• _Task inputs_:
▼

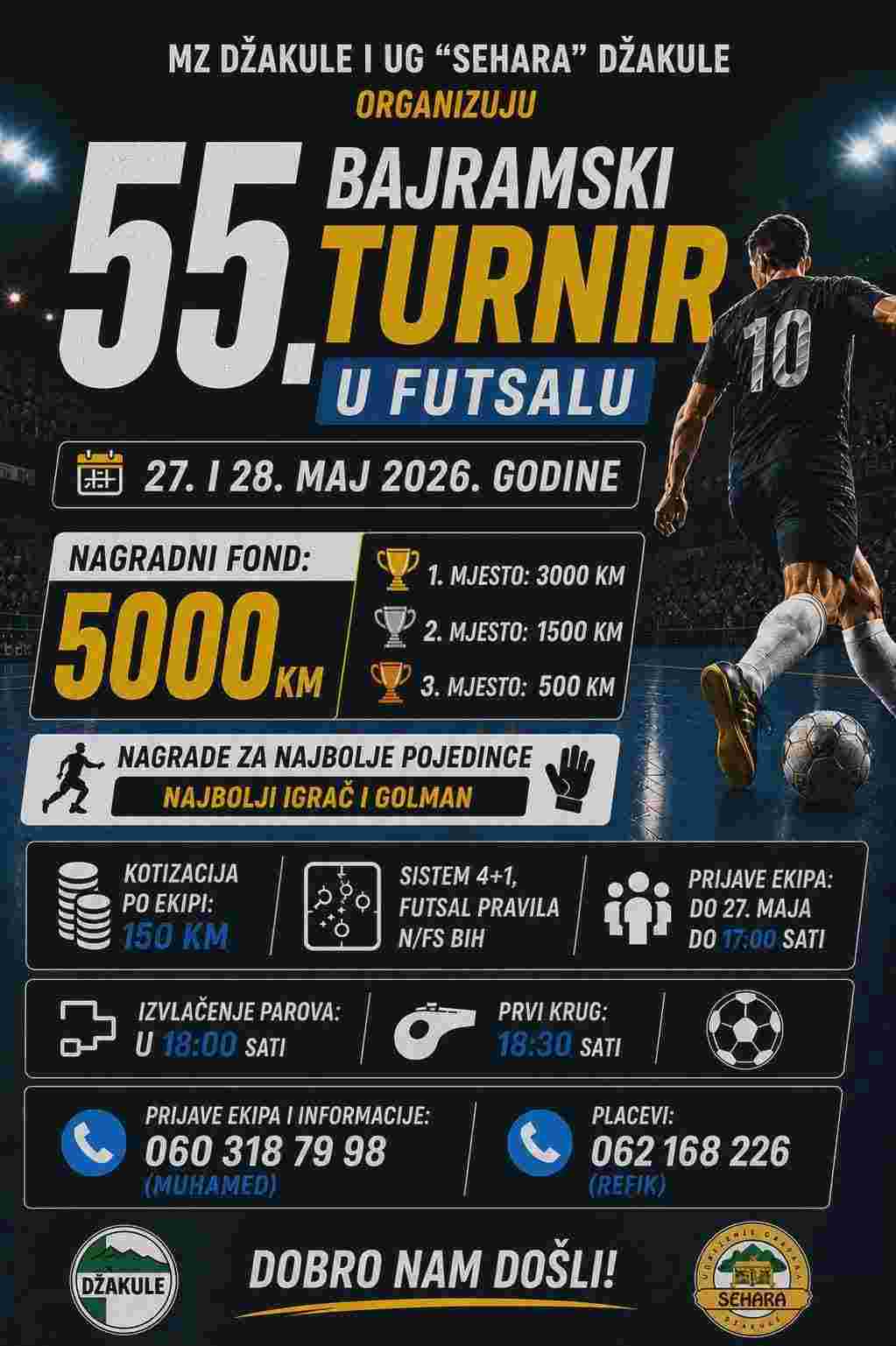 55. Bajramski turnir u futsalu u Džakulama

▲
▼

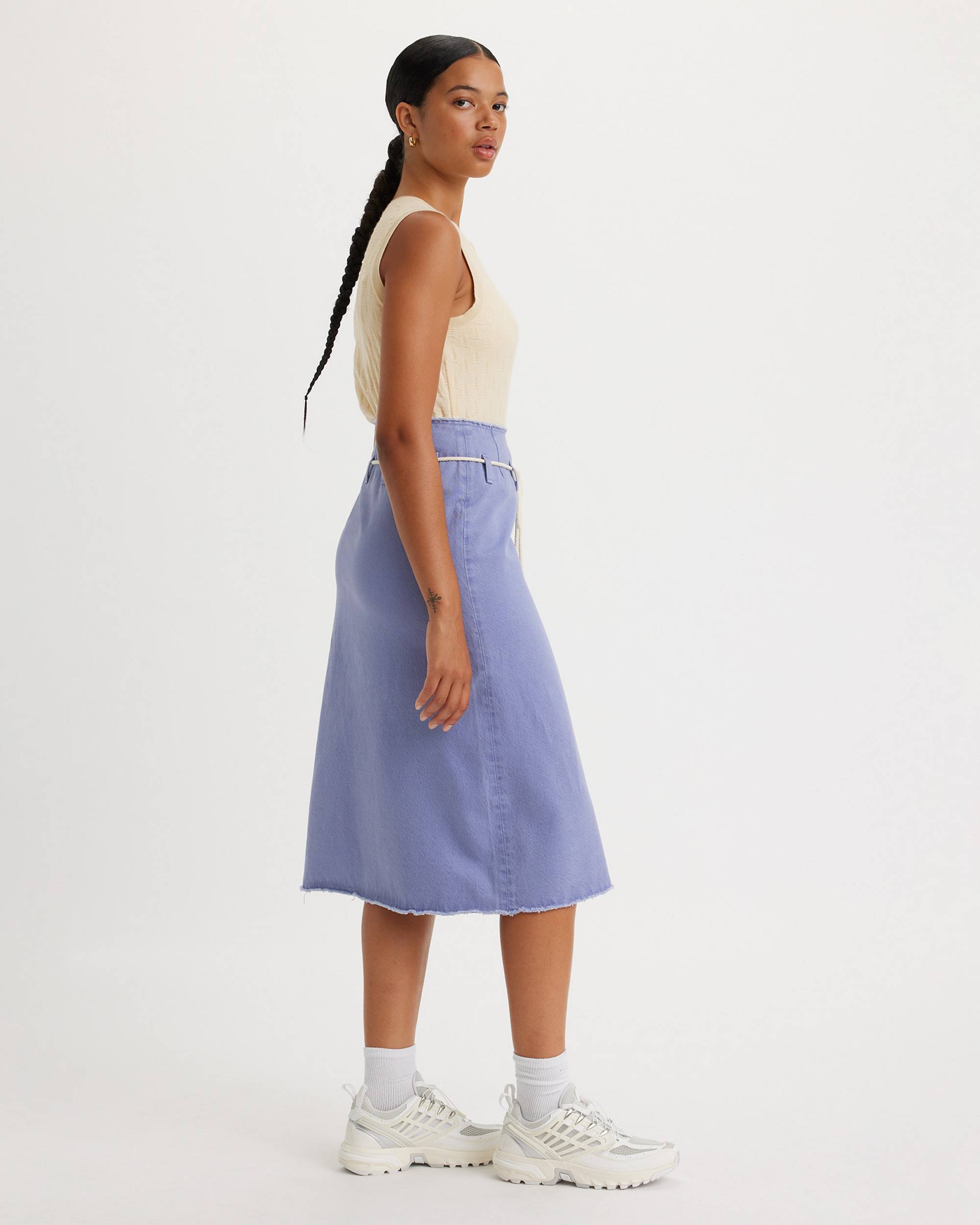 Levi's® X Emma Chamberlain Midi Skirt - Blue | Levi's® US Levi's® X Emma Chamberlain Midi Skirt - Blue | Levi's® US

▲
▼

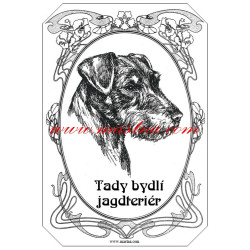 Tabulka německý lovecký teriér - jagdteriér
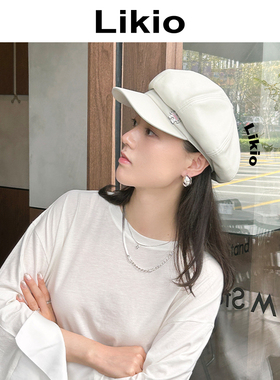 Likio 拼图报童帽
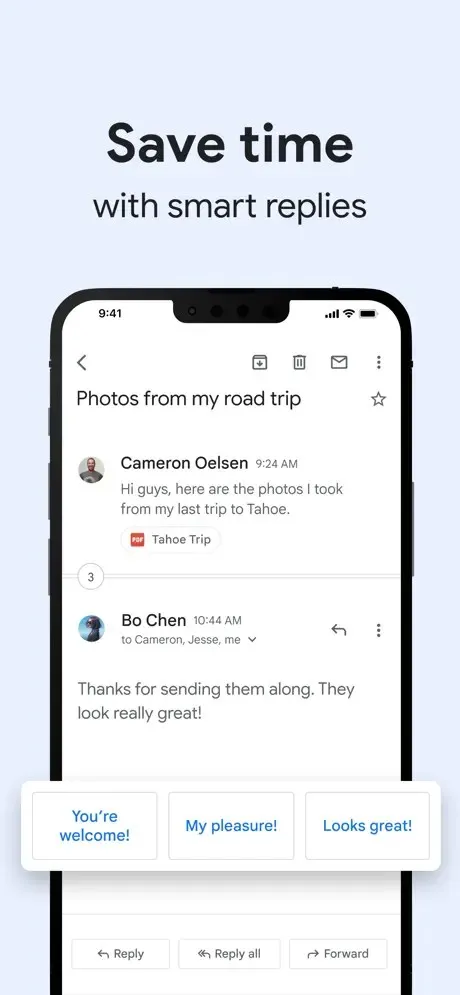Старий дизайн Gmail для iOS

▲

• _Aim of the task_:
Among the entries above, copy exactly the stretch from the line holding "Tabulka německý lovecký teriér - jagdteriér" through the line holding "Старий дизайн Gmail для iOS", leaving out any pictures.

• _Response for this exercise_:
 Tabulka německý lovecký teriér - jagdteriér
 Likio 拼图报童帽
Старий дизайн Gmail для iOS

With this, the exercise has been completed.